Candidato com nanismo é reprovado novamente em concurso para delegado em Minas Gerais

Advogado Matheus Menezes Matos foi considerado inapto nos exames biofísicos e biomédicos, mas segue no certame por decisão judicial provisória.

O advogado Matheus Menezes Matos, candidato com nanismo que disputa uma vaga para delegado da Polícia Civil de Minas Gerais (PCMG), foi reprovado em mais uma fase do concurso. Desta vez, ele foi considerado “inapto” nos exames biofísicos e biomédicos, realizados em 26 de abril. Apesar da reprovação, sua participação no certame segue por decisão judicial provisória.

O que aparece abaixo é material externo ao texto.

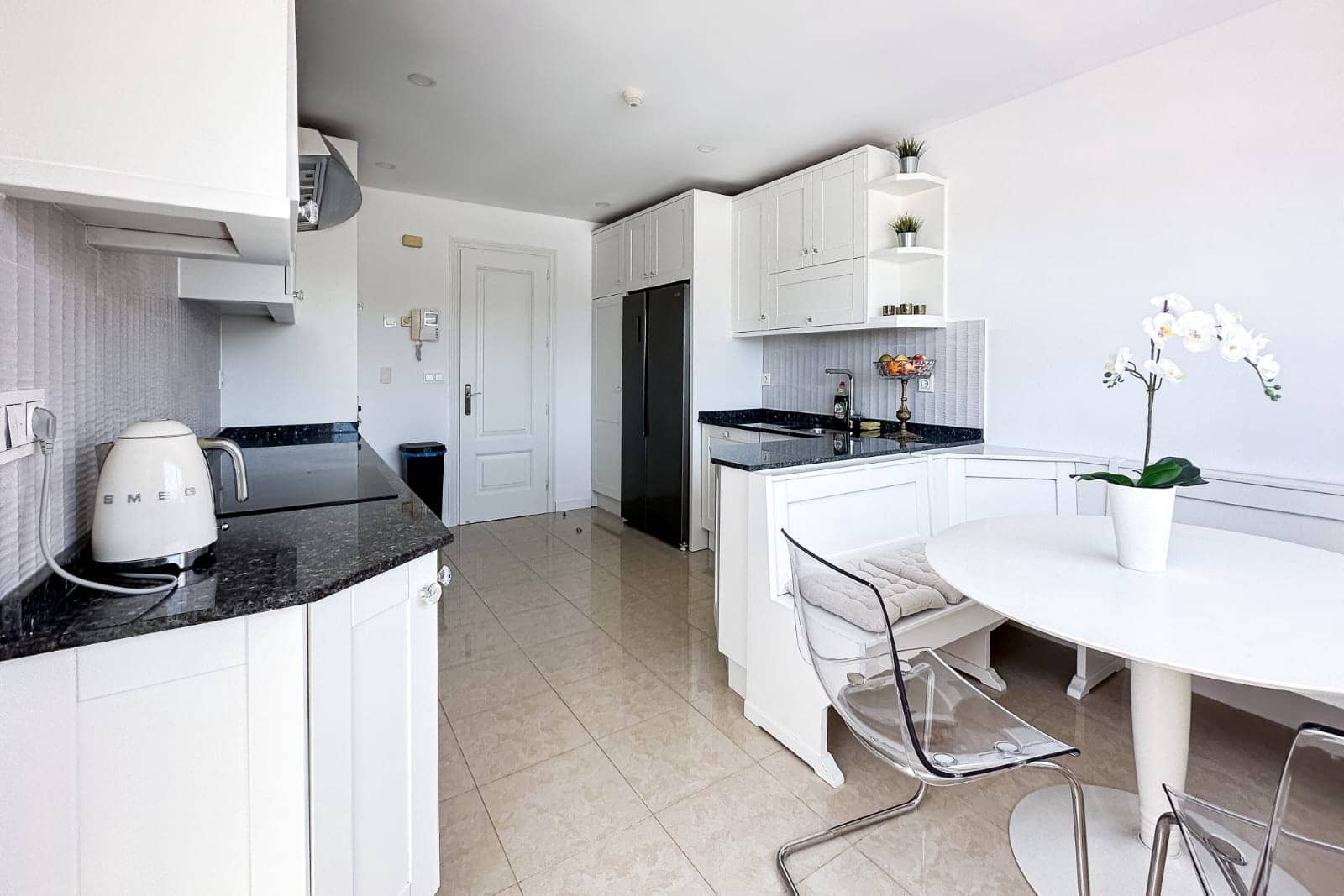3 sovrum Lägenhet till salu i Marbella med pool - 2 100 000 € (Ref: 9068515)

A informação foi confirmada pela advogada do candidato, Kesia Oliveira, que afirmou que ele recorre do resultado. O resultado preliminar foi divulgado pela banca Fundação Getulio Vargas (FGV) no último dia 15 de maio. Os candidatos considerados inaptos puderam interpor recurso entre os dias 18 e 20 de maio. O resultado definitivo ainda não foi divulgado. Procurado, o advogado preferiu não se manifestar.

Histórico do caso

Matheus Matos é formado em direito e sonha em ser delegado. Ele se inscreveu no concurso da PCMG e foi aprovado em todas as fases, com exceção do Teste de Aptidão Física (TAF). O caso ganhou repercussão nacional após ele ser reprovado no TAF por ser submetido aos mesmos critérios da ampla concorrência.

O Supremo Tribunal Federal (STF) determinou que a banca oferecesse adaptação razoável no TAF e realizasse novo exame para o candidato. Por ter nanismo, Matos teria direito a prova adaptada, desde que houvesse pedido. A solicitação foi apresentada dentro do prazo, mas no dia da prova física ele não conseguiu alcançar o salto de 1,65 metro previsto no edital e foi desclassificado.

Na ocasião, Matheus afirmou que não foi o único prejudicado e que outros candidatos com deficiência também foram eliminados na mesma fase. Em 17 de março, o ministro Alexandre de Moraes determinou que Matheus Matos refizesse o teste. No Instagram, o candidato tem publicado registros de sua preparação para a nova prova.

Próximos passos

Com a nova reprovação nos exames biofísicos e biomédicos, o candidato aguarda o resultado definitivo e segue recorrendo. A decisão judicial provisória mantém sua participação no certame, mas o desfecho dependerá da análise dos recursos e da posição final da banca.

O caso reacende o debate sobre a acessibilidade em concursos públicos e a necessidade de adaptações razoáveis para candidatos com deficiência. A advogada Kesia Oliveira acompanha o processo e busca garantir os direitos de Matheus.